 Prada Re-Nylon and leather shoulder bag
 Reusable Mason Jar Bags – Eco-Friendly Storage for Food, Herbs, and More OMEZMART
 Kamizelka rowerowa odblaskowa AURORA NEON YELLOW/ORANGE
--
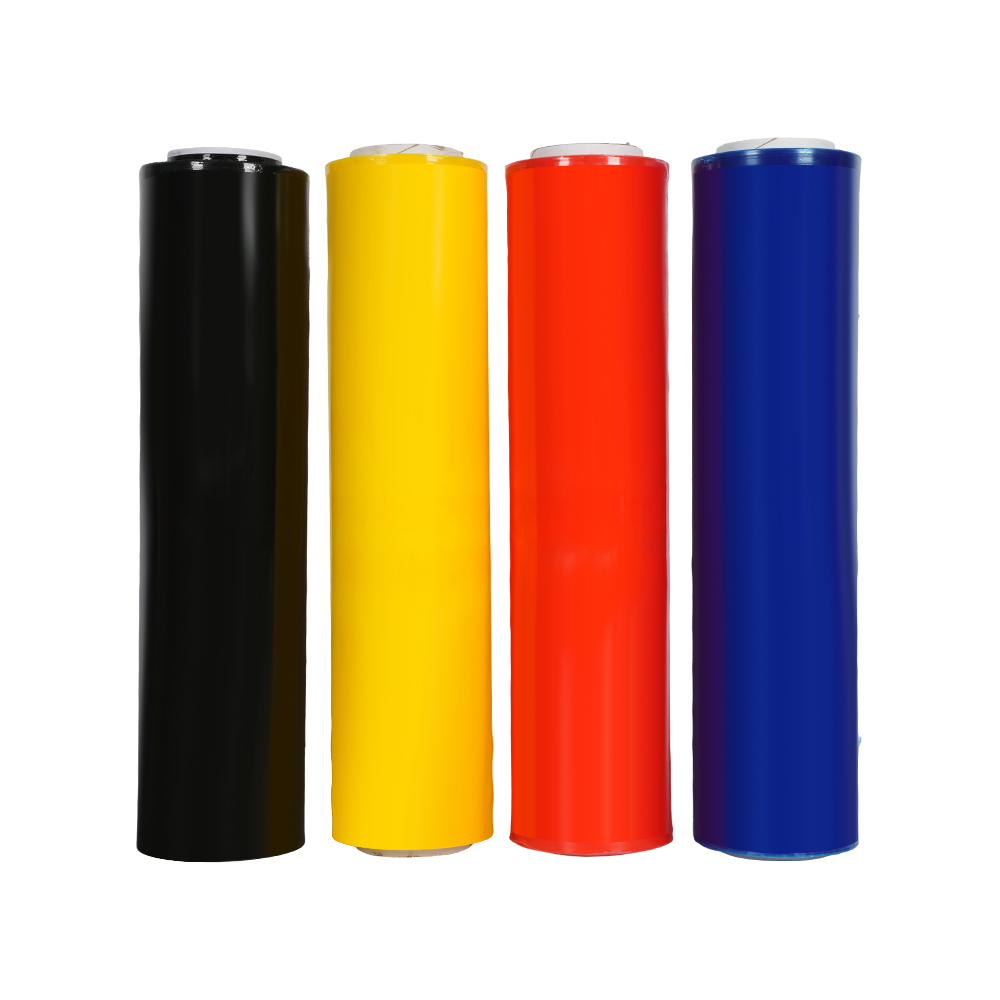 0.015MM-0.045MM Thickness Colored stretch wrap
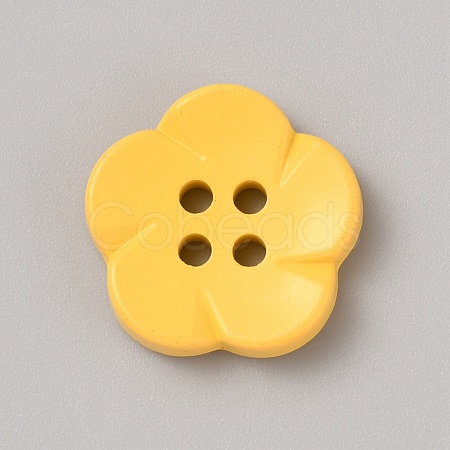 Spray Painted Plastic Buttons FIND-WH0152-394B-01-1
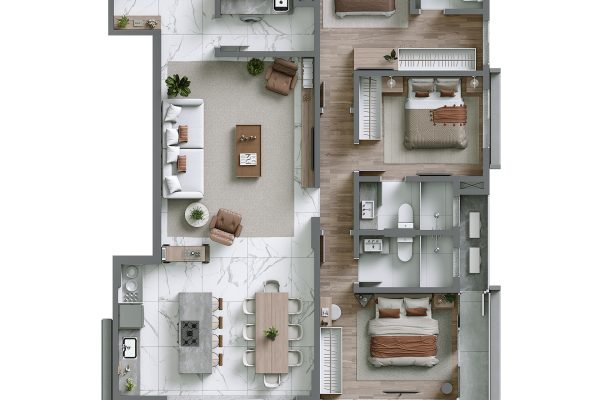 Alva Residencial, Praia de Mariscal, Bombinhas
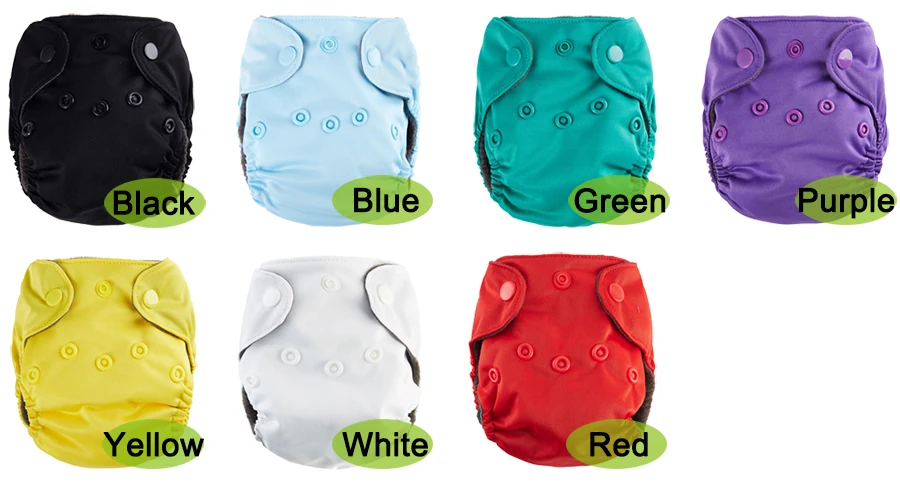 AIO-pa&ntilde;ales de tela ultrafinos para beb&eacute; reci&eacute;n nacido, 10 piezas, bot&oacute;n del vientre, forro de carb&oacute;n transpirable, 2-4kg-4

PROBLEM DESCRIPTION: From the records above, output only the lines starting at the one containing "0.015MM-0.045MM Thickness Colored" and ending at the one containing "AIO-pa&ntilde;ales de tela", word for word. Pictures stay out.

ANSWER FOR THIS EXERCISE:
 0.015MM-0.045MM Thickness Colored stretch wrap
 Spray Painted Plastic Buttons FIND-WH0152-394B-01-1
 Alva Residencial, Praia de Mariscal, Bombinhas
 AIO-pa&ntilde;ales de tela ultrafinos para beb&eacute; reci&eacute;n nacido, 10 piezas, bot&oacute;n del vientre, forro de carb&oacute;n transpirable, 2-4kg-4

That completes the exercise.